Instructions to follow:
Your copy should hold only the lines from the one with "this 125×80 image." to the one with "this 710×473 image.", both included, each exactly as it stands below, with no pictures.

Data section:
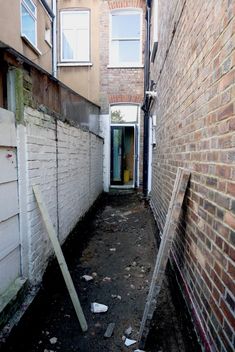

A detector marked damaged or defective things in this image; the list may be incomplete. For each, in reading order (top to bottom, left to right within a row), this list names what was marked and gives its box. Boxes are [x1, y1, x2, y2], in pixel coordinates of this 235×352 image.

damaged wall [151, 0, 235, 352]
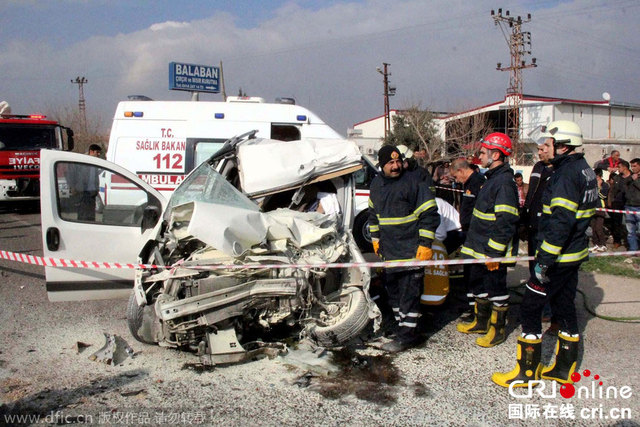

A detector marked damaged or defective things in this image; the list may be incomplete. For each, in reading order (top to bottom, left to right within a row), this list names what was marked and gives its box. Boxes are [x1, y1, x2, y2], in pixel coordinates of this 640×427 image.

---

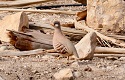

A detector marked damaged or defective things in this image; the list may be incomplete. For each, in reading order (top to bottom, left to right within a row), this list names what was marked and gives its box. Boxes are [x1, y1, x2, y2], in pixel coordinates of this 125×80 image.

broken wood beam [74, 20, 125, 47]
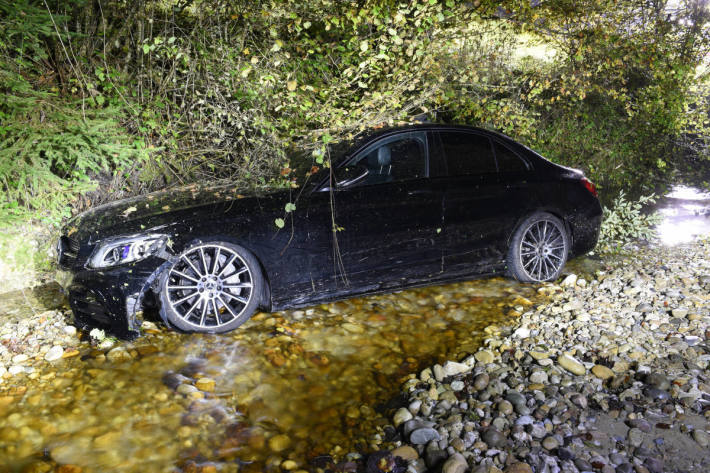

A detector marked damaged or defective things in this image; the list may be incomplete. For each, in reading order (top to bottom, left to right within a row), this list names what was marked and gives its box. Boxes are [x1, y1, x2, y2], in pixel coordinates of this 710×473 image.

Completed task:
A detector marked damaged or defective things in this image; the list may be incomplete. For each, in reading order (top to bottom, left to right within a row), this list names what was marked and gives its box. Boxes are [x1, y1, x2, y2], in pixel coordinates of this 125×80 image.

broken wood beam [74, 20, 125, 47]

A detector marked damaged or defective things in this image; the list may be incomplete. For each, in reading order (top to bottom, left to right within a row), this list names what was marked and gives its box. Boxes are [x1, y1, x2, y2], in pixel coordinates of this 710×473 image.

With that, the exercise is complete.